Near where I live, there’s a Planet Fitness gym; on the building there’s a huge banner that says, ‘judgment free zone.’  In our day, we frown upon judgment, in fact, we do everything we can to create safe spaces for people and help them feel accepted, rather than judged.  

When we pick up the Bible and learn about the Pharisees, we’re quick to side against them, thinking we’d never be like them.  They were so judgmental and we’re so accepting, we assume.  

But I’ve got a secret to share with you: the role of the Pharisees in the Bible is to show us ourselves.  Those who wrote the Bible needed a ‘mirror’ to show people what they were like, so they chose the Pharisees.  When we look at the Pharisees, we’re supposed to see what we look like, for we are as judgmental as they are, despite our gym banners. 

And the more unbelievable it seems to you that you are just as judgmental as the Pharisees, the blinder you are to the reality of your snobby, pharisaical heart; hence, the more important it is that the Bible shows us the Pharisees so we can see what we look like.

Here’s how this plays out in our short passage today, Mark 8:11-13.  The Pharisees were up to their usual ways of judging Jesus, demanding he perform a miraculous sign for them to prove his claims.  They were testing him.  But Jesus knew how their hearts were operating, so he refused to comply.  He sighed deeply in his spirit about the generation who demanded a sign.  And then he left.

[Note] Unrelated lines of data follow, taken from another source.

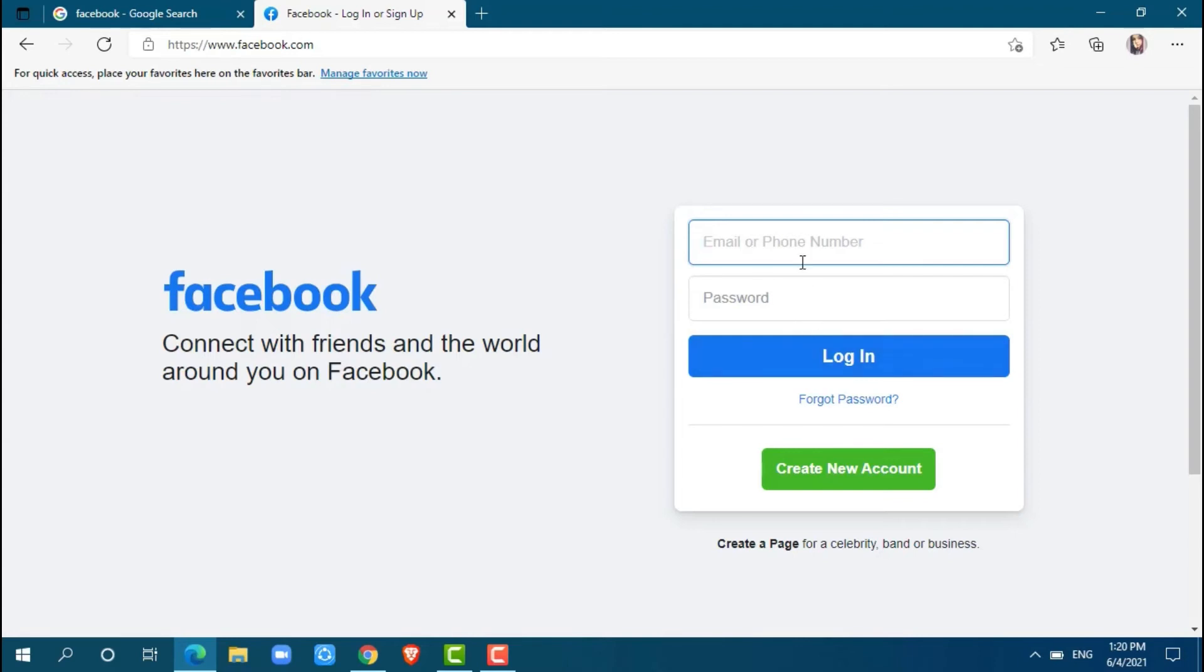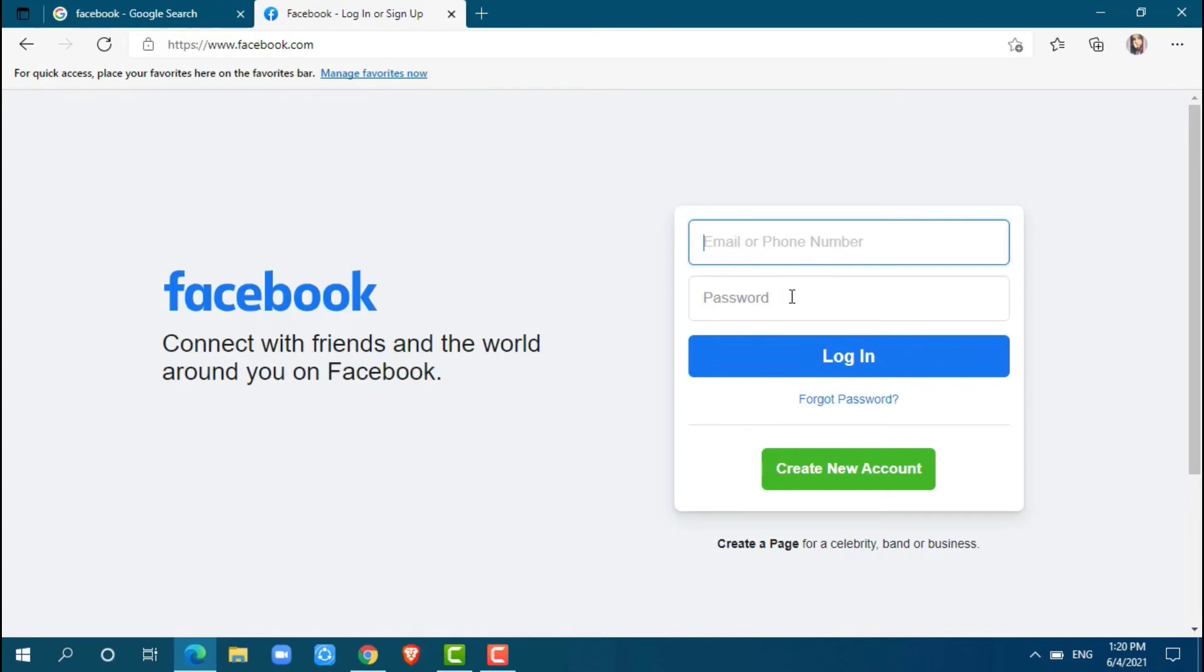But, if you had created your Facebook account with your phone number, then you need to provide your phone number and password, then get logged in. I created my Facebook account with my phone number.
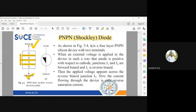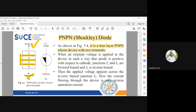It is a four-layer PNPN silicon device with two terminals. The circuit symbol for the PNPN Diode is completely different from a conventional PN junction diode, which has only one junction. Here, the PNPN Diode has three junctions, two terminals, and four layers.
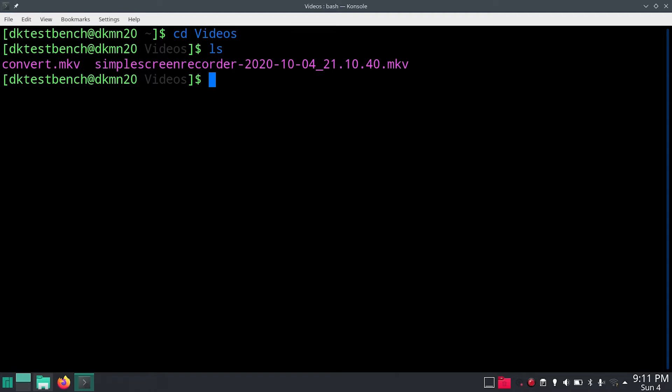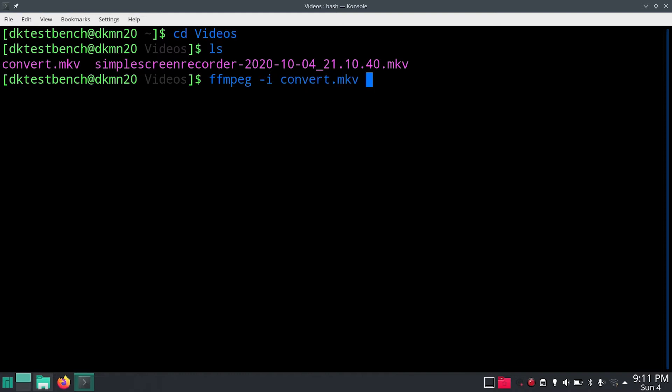and then dash I and then the name of the file which you want to convert with the extensions of course, so the name of the file which you want to convert is convert.mkv as you see here and then what you want to do is also copy the codec so dash codec copy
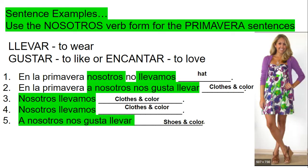The next one was an example for primavera, for spring. If they're wearing a hat, you say that they're wearing a hat. If not, you say nos llevamos — but these are nosotros. Look how we conjugate that. On the first sentence we have nosotros nos llevamos. On the second one, a nosotros nos gusta llevar.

What’s really going on here and how are we like the Pharisees?

A Pharisee is anyone who thinks that we can look better in God’s eyes by keeping the law.  “If I do this, then God will look with favor on me,” is the reasoning.  Now look closely and you’ll see the telltale sign of the law, which is a conditional if/then statement.  “If I do this…then this will be the result.”  

Not only was Jesus’s day filled with the law, but also ours is today.  

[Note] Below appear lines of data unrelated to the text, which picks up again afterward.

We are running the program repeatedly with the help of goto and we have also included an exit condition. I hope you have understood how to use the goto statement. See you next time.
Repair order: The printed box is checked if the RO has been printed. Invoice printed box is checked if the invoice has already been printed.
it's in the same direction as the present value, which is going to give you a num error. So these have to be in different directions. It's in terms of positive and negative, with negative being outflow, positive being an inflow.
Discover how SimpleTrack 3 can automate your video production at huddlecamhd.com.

“If I lose weight, then people will like me more.”

“If I make more money, then I’ll be better off.”

“If I don’t do bad things, then I’ll be a good person.”

“If I keep the Ten Commandments, then God will love me more.”

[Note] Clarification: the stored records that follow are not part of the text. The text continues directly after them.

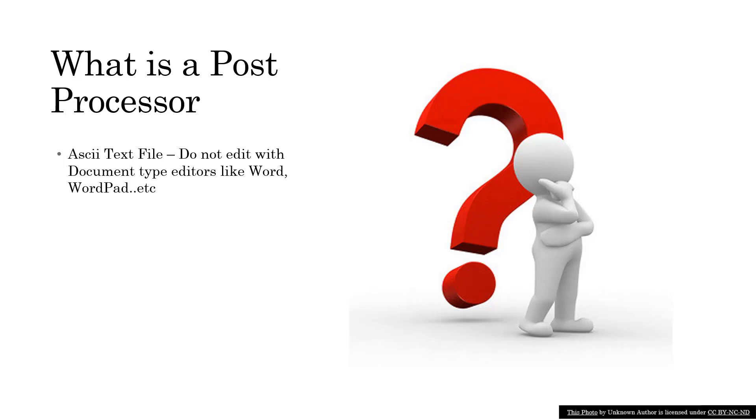Post processors don't use that extra formatting information, and in fact it will corrupt the file format. For those of you familiar with Notepad, or there's a program called Notepad++ which we'll cover a little bit later, those are ASCII-style text editors.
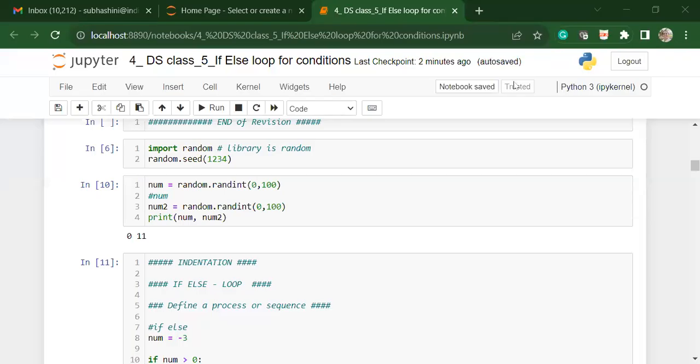Hi everyone, and welcome to this session. Today we are going to look at creating slightly longer codes. One of the things we had seen in the last video is the concept of libraries. Libraries are nothing but pre-written sets of code. Here is a library called random. As the name itself says, random means creating random numbers.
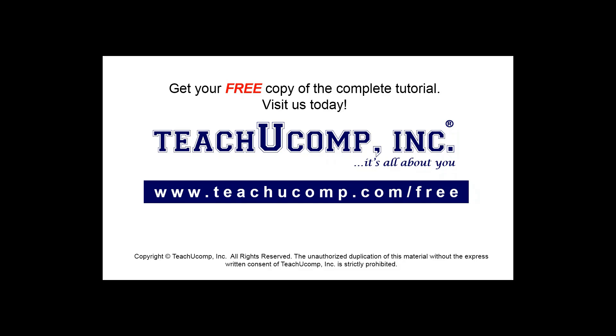Get your free copy of the complete tutorial at www.teachucomp.com/free.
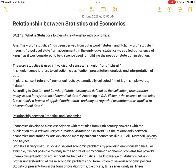According to Croxton and Cowden, statistics may be defined as the collection, presentation, analysis, and interpretation of numerical data. According to R.A. Fisher, the science of statistics is essentially a branch of applied mathematics and may be regarded as mathematics applied to observational data. Statistics is, in a way, applied mathematics — it is applied across different subjects including economics, business, and politics.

You get the idea.  Now, it’s important to realize that these sorts of law-conditional statements could be true!  If you look a certain way, then people (albeit shallow people!) might accept you more.  Again, that could be true, but that’s not the issue here.

The issue is whether or not our conditional mentality can give us more favor in God’s eyes.  And Jesus’s resounding answer is, “No!”  

But first he has to break our addiction to the law, and to do this, he cannot play along with our legal demands.  So when the Pharisees come at him with their conditional statement, “If you perform a miraculous sign, then we will believe you…” Jesus must not comply, for if he did, then he’d be sanctioning the age-old law-mentality.  It’s as if they tossed him a coin, but he let it drop to the ground.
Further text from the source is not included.